Organised by the Royal Institution of Chartered Surveyors (RICS), the awards recognise the positive contribution that buildings make to communities and society as a whole.
The five projects include a residential development, a private home, two historic landmarks and a public building. Together they demonstrate Clague’s residential, heritage and commercial architectural skills.
Tim Wolfe-Murray, partner at Canterbury-based Clague Architects, said: “We are delighted to have five of our schemes shortlisted for the RICS Social Impact Awards. I’m very pleased with what we have created, and the project teams have much to be proud of.”
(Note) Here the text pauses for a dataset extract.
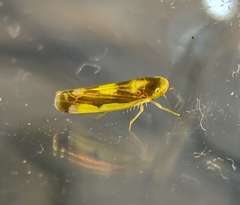 Eupteryx flavoscuta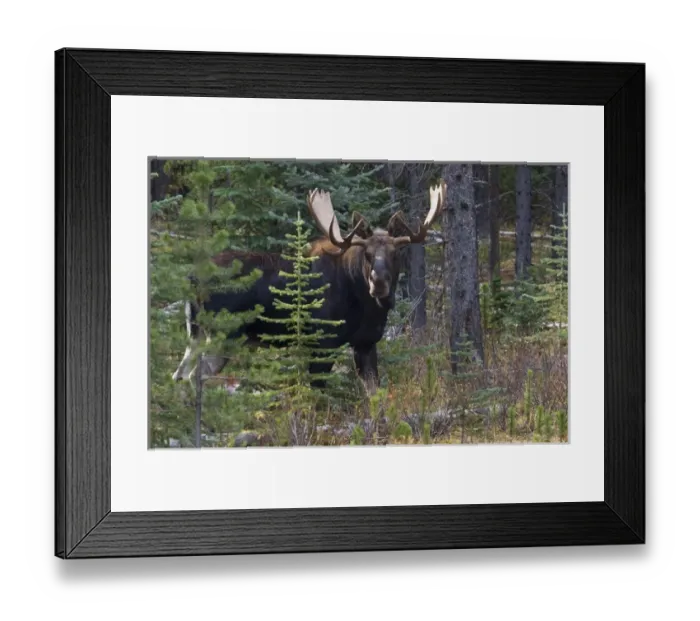 Framed Print : Shiras Bull Moose Framed Print : Shiras Bull Moose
A finalist in the residential category, the Observatory is a high-end housing development sitting within a small, sensitively designed urban extension to Canterbury, consisting of 48 houses and four apartments. Clague’s brief was to create a collection of fresh, modern houses and, from the outset, considerable thought was given to their effect on the existing surroundings, as well as the quality of the newly-created spaces.
Also shortlisted in the residential category is Clague’s design for a private home built into a slope and surrounded by woodland on the edge of Ashford.
Known as The Levels, the five-bedroom family home takes its inspiration from a mid-century American ranch. It has a woodland cabin feel, with overhanging eves, timber cladding and mono-pitched roof. The house adopts an upside-down style, with the upper floor providing living space with excellent views over a wooded valley, while the bedrooms sit on the ground floor.
The house adhered to a tight budget thanks to the close collaboration between Clague’s technical team, the building contractor, and the client whose family owned the land.
Clague’s work for local authorities has also been recognised, after its design for the £6m Horam Crematorium was shortlisted. Undertaken for Wealden District Council, the contemporary, clean design incorporates a chapel, memorial gardens and series of buildings in a 30-acre landscaped site in East Sussex
The restoration of the Grade II listed Battle railway station is the fourth Clague project to be shortlisted and it follows the project’s recent success in the Craft Skills Awards at the National Railway Heritage Awards.
George Esdaile, an Associate at Clague, added: “Securing the fabric of this glorious little station was a challenging one in terms of the scale of the conservation required, but also because Southeastern needed to keep the station’s platforms and booking hall open for customers throughout the process.
“Thanks to the combined efforts of Redec, Rother District Council, the team at Southeastern and ourselves, Battle once again has a station it can be proud of and it is fantastic to see our work recognised by the RICS.”
The final shortlisting is for work done to improve the experience of visiting South Foreland Lighthouse, an iconic Grade 1-listed Victorian building overlooking St. Margaret’s Bay near Dover, and owned by the National Trust.
Clague was asked to design a new toilet block that did not detract from the visual impact of the striking lighthouse, which sits on exposed cliffs overlooking the English Channel.
The internal facilities are all bespoke and the whole building has been designed in close collaboration with the National Trust, and within the charity’s conservation design guidelines. The project has been shortlisted in both the leisure and the land & rural categories.
The results of the RICS Social Impact Awards for the South East are expected to be announced in June.